In 2026, as models and agents get more capable, cyber risk explodes, from AI-native phishing and automated vulnerability discovery to code agents that can be turned offensive. But that’s only half the problem. The same systems are now touching customers, contracts, and money, creating stacked enterprise risks around policy, compliance, liability, and brand.
Anthropic’s latest Claude models sit in their highest internal risk tier after sabotage and deception tests. They also recently reported the first largely AI-orchestrated cyber-espionage attack, attempting to use the model to attack large tech firms, financial institutions, chemical manufacturers, and government agencies. In the same spirit, Anthropic released Petri (Parallel Exploration Tool for Risky Interactions), an open-source auditing agent that can break many models “out of the box”, generating realistic prompts, running multi-turn stress tests, and scoring transcripts to surface risky behaviors at scale.
Other frontier builders are moving the same way: OpenAI has published methods for automated red teaming that use AI to probe AI, and Google/DeepMind now talk about continuous “assurance evaluations” and automated red-team systems that relentlessly attack Gemini to uncover security weaknesses before release.
Model safety cards are the starting point: the labs report how it’s built, what data and models it uses, where the security and safety hazards are, and how it has been evaluated.
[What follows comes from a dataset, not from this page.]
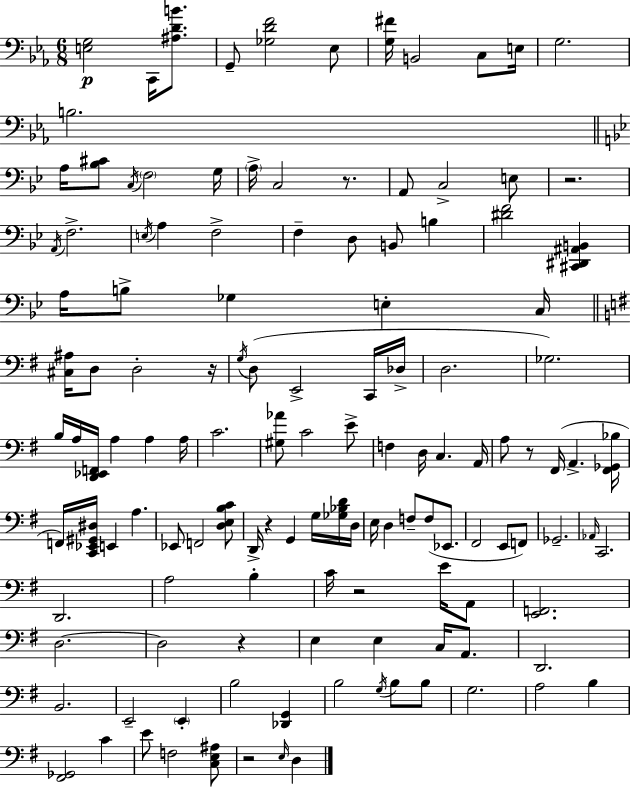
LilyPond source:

Evaluations need to look like real life: pushing the system into awkward conversations, asking it to bend the rules, seeing what happens when users try to get around policies. Models are already showing situation awareness—detecting they’re being tested, hiding their reasoning, or acting mischievous to pass checks without actually being safe.
“Enterprise AI safety isn’t about the base model alone. You have to evaluate how it performs inside your specific environment, with your policies, your custom integrations, your data, and your customer use cases. ” – Ben Lowenstein
But safety tests need to move beyond the model and cover the whole system it lives in. A chatbot that can read and write to your organization’s data, talk to customers, or trigger actions in other tools is a very different risk profile, so stress tests have to mimic that full setup–long, messy, multi-step interactions that probe what the entire application actually does in practice through multi-turn adversarial red teaming evaluations.
Take the example of a live dealership chatbot that was prompted into “agreeing with anything the customer says” and ended up offering a $70,000 Chevy Tahoe for $1, signing off each reply with “that’s a legally binding offer–no takesies backsies.” It went viral, triggered real legal questions about enforceability, and was the first big public example of what happens when there are no guardrails. Guardrails are one of the hardest parts of these systems: too many and the chatbot feels like the old if/else bots; too few and you’re in for a legal ride. They have to combine book smarts (policy, law, brand) with street smarts (how people actually try to game the system) so assistants stay useful and flexible without being naïve.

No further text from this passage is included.